Wie derart unterschiedliche Versionen ein und derselben Geschichte zustande kommen – eine Elitengeschichte, eine Volksgeschichte -, darüber hat Harald Welzer eine grundlegende Hypothese entwickelt, die durch die Ergebnisse der Studie „Opa war kein Nazi“ erhärtet wurde: Er vermutet

einen Unterschied im Bewusstsein über die Geschichte, der allzu oft übersehen wird, einen Unterschied zwischen kognitivem Geschichtswissen und emotionalen Vorstellungen über die Vergangenheit. Auf der Ebene emotionaler Erinnerungen scheinen sich Bindungskräfte und Faszinosa gegenüber der nationalsozialistischen Vergangenheit entfalten und erhalten zu können, die merkwürdig unverbunden mit dem Wissen über diese Zeit sind, und zwar über die Generationen hinweg.

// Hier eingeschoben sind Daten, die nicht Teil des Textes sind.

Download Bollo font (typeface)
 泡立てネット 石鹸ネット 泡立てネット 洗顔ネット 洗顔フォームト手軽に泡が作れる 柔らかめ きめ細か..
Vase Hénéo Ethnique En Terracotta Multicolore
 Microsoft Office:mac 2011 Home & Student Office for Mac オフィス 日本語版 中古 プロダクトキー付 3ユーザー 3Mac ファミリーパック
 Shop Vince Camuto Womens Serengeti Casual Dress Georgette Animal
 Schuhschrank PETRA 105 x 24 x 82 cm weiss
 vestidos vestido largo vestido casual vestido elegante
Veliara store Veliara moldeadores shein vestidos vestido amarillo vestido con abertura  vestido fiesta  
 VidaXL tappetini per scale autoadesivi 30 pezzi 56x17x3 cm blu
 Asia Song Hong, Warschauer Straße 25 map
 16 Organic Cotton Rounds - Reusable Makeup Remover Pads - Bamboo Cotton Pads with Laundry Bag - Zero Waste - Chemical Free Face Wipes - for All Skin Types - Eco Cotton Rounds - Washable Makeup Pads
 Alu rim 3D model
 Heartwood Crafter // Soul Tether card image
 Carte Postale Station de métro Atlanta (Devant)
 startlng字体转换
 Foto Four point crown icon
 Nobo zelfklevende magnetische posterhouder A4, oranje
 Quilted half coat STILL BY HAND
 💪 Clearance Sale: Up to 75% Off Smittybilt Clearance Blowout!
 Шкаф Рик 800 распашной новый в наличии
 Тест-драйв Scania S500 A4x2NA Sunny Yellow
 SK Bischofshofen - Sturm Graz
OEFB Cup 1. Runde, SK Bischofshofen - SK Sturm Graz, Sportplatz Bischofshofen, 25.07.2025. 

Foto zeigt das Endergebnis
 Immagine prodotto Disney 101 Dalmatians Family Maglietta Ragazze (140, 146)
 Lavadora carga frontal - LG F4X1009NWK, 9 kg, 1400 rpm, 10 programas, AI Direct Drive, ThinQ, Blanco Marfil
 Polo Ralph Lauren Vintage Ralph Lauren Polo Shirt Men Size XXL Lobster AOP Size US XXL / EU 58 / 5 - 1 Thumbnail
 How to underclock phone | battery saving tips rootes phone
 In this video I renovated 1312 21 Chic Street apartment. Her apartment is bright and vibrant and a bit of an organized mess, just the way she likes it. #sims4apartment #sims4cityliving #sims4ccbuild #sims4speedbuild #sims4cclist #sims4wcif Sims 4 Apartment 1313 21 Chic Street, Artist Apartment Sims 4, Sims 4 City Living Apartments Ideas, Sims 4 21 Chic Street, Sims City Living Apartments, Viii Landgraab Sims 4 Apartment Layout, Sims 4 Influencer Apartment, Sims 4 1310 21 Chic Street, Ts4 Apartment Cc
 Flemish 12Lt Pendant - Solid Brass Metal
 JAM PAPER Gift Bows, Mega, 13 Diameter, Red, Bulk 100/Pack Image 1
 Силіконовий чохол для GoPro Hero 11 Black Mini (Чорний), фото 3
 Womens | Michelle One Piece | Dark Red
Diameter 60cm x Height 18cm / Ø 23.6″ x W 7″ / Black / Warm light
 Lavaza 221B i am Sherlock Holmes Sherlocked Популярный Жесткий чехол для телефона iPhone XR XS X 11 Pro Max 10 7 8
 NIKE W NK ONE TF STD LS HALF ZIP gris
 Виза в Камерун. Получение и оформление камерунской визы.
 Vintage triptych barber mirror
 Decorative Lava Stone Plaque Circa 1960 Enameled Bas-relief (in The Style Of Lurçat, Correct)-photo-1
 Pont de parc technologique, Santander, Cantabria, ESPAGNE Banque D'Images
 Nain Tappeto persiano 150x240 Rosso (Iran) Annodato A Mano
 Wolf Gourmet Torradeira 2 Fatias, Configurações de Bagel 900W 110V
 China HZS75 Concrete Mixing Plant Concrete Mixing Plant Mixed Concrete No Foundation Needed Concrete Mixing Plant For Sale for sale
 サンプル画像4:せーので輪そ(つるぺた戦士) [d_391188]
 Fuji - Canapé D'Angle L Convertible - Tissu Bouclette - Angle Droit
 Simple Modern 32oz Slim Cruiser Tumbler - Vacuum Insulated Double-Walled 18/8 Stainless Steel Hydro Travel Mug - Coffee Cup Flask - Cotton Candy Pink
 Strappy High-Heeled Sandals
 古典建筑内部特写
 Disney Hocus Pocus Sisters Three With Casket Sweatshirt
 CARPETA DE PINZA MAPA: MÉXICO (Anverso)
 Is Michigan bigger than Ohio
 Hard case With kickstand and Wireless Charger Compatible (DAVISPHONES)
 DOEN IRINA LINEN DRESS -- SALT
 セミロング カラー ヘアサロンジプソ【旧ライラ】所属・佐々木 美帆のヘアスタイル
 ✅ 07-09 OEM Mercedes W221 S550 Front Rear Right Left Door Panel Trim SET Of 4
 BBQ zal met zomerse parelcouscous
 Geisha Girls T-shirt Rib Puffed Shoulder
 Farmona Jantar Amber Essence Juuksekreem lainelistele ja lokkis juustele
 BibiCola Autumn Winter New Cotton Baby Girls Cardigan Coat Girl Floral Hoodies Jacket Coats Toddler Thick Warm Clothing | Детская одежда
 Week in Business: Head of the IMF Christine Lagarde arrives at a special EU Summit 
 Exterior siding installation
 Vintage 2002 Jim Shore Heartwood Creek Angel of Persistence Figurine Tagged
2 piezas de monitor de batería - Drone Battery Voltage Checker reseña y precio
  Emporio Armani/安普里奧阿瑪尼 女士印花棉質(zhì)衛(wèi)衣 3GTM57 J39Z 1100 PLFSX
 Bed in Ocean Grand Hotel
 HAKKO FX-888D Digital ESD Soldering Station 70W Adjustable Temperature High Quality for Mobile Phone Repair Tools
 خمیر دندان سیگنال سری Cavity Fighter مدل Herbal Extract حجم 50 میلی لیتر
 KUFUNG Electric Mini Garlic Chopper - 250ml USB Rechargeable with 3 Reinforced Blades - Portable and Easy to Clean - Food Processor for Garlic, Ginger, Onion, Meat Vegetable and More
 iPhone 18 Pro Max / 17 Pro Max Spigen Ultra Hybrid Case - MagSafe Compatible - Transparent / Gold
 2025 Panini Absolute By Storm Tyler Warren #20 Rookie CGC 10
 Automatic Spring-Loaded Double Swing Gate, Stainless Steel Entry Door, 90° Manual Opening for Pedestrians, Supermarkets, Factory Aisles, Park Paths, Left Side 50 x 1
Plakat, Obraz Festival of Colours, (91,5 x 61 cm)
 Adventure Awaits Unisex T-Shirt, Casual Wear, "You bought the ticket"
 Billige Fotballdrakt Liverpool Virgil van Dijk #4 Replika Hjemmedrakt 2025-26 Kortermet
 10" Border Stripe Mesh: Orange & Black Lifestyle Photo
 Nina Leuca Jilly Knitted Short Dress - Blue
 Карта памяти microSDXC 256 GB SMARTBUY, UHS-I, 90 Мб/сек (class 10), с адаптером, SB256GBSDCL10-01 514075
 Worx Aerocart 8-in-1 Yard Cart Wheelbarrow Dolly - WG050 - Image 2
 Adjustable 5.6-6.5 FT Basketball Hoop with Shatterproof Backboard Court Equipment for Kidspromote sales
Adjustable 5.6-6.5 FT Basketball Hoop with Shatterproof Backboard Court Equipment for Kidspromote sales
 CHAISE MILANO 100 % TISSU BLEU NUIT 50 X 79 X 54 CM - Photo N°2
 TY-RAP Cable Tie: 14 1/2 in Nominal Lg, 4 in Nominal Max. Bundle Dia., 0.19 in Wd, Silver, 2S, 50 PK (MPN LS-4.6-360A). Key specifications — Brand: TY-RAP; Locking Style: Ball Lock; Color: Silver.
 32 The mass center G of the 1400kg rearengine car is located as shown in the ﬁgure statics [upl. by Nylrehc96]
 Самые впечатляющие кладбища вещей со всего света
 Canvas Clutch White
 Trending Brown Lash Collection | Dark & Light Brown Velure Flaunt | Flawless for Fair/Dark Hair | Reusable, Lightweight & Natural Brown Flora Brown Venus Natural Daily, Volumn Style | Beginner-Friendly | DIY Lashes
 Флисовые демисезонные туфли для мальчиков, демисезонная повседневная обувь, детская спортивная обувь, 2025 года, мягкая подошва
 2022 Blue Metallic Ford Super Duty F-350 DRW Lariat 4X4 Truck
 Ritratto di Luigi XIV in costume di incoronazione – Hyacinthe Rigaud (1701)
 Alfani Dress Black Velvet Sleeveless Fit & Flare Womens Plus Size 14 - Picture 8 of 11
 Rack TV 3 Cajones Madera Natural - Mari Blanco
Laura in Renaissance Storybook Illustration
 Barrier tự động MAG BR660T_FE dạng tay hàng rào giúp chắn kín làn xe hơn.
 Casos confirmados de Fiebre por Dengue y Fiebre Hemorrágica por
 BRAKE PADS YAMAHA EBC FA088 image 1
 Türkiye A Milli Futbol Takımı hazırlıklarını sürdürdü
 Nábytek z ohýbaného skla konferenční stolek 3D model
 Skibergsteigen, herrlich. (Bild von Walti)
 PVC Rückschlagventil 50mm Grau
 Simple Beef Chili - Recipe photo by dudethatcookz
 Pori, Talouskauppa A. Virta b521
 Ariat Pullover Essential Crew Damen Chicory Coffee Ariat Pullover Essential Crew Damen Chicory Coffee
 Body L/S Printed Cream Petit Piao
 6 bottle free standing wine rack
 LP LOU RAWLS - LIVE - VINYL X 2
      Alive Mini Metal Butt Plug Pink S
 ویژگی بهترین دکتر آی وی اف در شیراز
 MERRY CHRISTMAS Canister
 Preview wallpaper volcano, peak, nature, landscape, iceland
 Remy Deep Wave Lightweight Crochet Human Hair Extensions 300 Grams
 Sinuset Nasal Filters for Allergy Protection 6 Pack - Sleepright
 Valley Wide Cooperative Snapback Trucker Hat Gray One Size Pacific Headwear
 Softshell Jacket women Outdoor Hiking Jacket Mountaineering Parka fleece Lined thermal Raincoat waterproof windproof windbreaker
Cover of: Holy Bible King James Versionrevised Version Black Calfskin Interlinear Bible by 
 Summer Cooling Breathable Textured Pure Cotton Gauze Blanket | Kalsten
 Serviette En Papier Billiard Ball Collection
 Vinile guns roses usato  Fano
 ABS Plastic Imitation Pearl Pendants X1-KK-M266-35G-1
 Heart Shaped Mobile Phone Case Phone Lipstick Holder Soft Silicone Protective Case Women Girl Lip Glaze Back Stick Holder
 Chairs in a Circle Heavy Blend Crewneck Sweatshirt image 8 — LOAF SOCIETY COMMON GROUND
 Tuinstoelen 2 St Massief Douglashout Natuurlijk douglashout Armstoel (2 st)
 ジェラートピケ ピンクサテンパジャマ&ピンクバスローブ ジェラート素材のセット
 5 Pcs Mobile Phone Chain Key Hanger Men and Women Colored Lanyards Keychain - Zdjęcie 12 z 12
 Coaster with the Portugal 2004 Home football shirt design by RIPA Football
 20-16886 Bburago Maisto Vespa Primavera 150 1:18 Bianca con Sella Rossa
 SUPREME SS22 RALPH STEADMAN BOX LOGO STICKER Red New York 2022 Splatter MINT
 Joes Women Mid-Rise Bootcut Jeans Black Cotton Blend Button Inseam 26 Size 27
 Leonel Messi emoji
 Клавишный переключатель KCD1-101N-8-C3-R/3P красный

Metaphorisch gesprochen, existiert neben einem wissensbasierten ‚Lexikon’ der nationalsozialistischen Vergangenheit ein weiteres, emotional bedeutenderes Referenzsystem für die Interpretation dieser Vergangenheit: eines, zu dem konkrete Personen – Eltern, Großeltern, Verwandte – ebenso gehören wie Briefe, Fotos und persönliche Dokumente aus der Familiengeschichte. Dieses ‚Album’ vom ‚Dritten Reich’ ist mit Krieg und Heldentum, Leiden, Verzicht und Opferschaft, Faszination und Größenphantasien bebildert, und nicht, wie das ‚Lexikon’, mit Verbrechen, Ausgrenzung und Vernichtung.

(…)

Die Annahme, dass Geschichtsbewusstsein eine kognitive und eine emotionale Dimension hat, wird auch dadurch gestützt, dass das menschliche Gedächtnis mit unterschiedlichen Systemen für kognitive und emotionale Erinnerungen operiert, und nichts macht das greifbarer, als wenn man Angehörige der Zeitzeugengeneration, die ihre Vergangenheit ‚aufgearbeitet’ haben und der nationalsozialistischen Geschichte höchst kritisch gegenüberstehen, mit leuchtenden Augen über ‚ihre Zeit’ und ihre Erfahrungen bei der HJ oder bei der Luftwaffe berichten hört.“ (S.9f.)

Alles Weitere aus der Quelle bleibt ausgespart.